Town Tours Supper Lectures Continue

Town Tours Supper Lectures Continue We enjoyed a delightful summer evening on August 23 when 60 Chester County residents met at Yellow Springs to enjoy a summer boxed picnic supper and hear an interesting lecture on mills of Chester County presented by Dan Campbell, AIA. HYS Tour Guides then took our guests on a stroll through our lovely village. This is the first time this program was presented by the Chester County Historic Preservation Network partnering with HYS. Two more picnic suppers are planned. Thursday, October 25 – Scarborough Faire:  Are You Going? Dolly Cusumano and husband Steve will take us on a virtual trip to the Faire. You will learn about the history of the ancient festival and the song of the same name. Holly has been a member of The Herb Society of America for many years and has studied the history of herb usage. Find out more about the historic use of herbs, what you can grow in your pots or garden and how to use them. Thursday, December 13 – A Christmas Past Jane Peters Estes has developed an extensive expertise focusing on traditions, lifestyles and fashions concerning the period surrounding the American Civil War and extending into the Victorian era.

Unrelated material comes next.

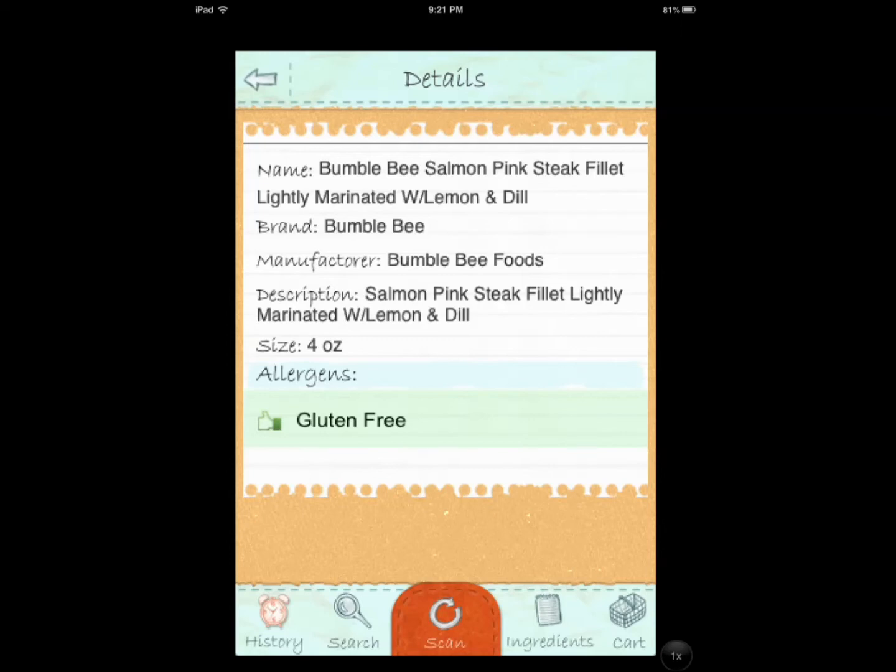So this is Gluten-Free Shopping Scanner and it's available for $0.99 in the App Store. Not perfect, but it has a lot of potential and I haven't seen a lot of apps in the App Store that do what this app does. It's definitely worth trying and I look forward to seeing how the developers improve it and address some of the bugs. The app has a lot of potential. Thanks again for watching.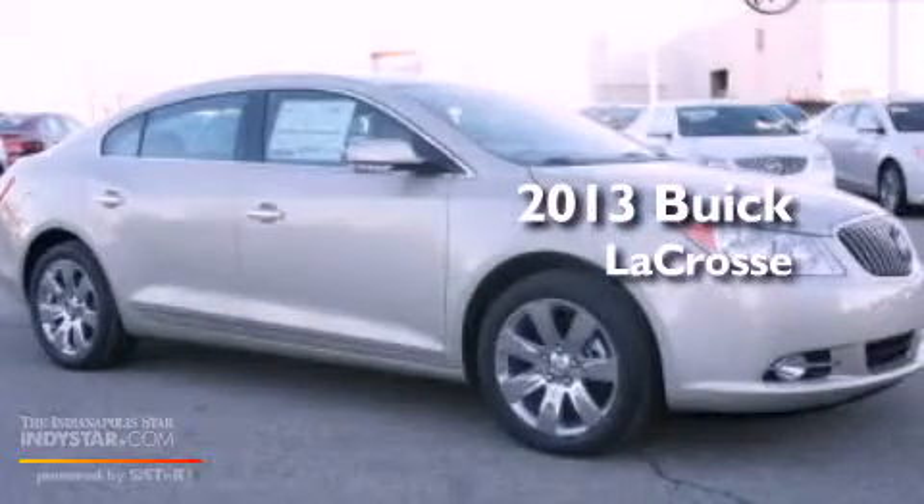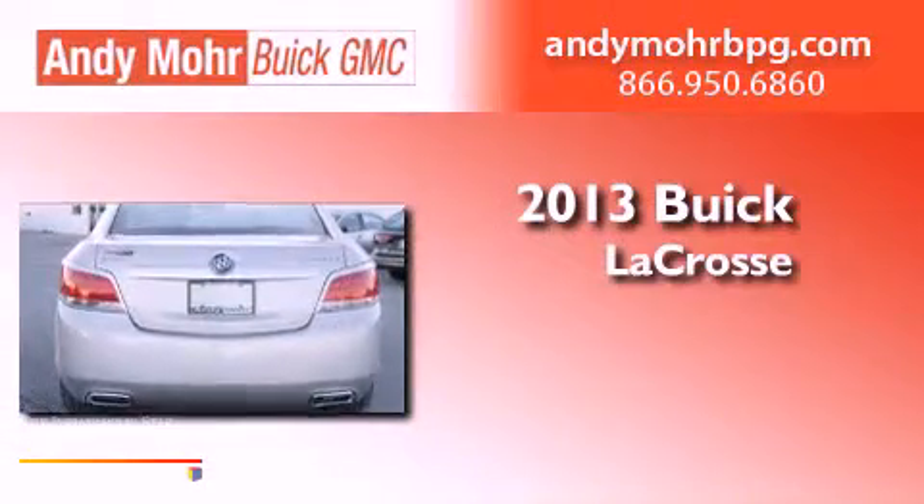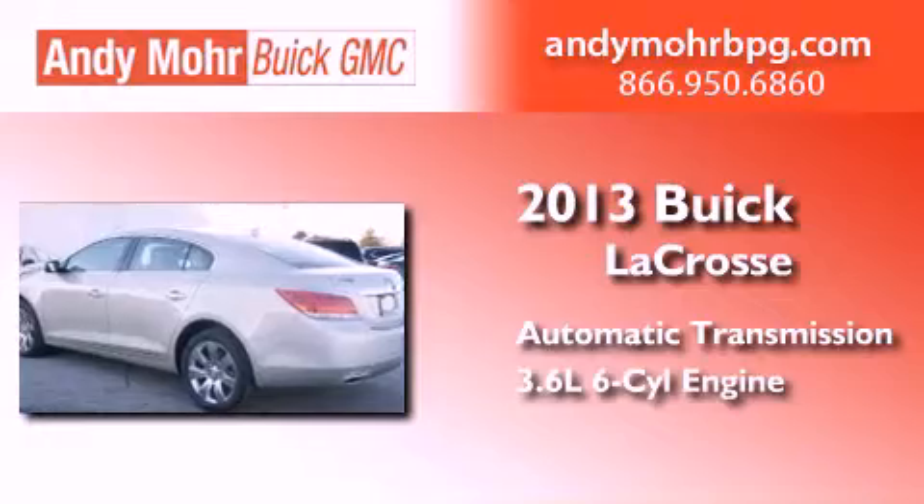This is a brand new 2013 Buick LaCrosse. This four-door sedan has an automatic transmission and a 3.6-liter V6.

Her holiday program explores the origins of many of our Yuletide holiday traditions (i.e. tree, hanging stocking by the fire) and highlights Christmas customs observed during the Civil War (1861-65). Her presentation will be accompanied with interesting stories, examples and recreations of actual fashions, and illustrations from the period. RESERVATIONS ARE REQUIRED. Space is limited to 60 people. Cost of Box Supper is $15. Register...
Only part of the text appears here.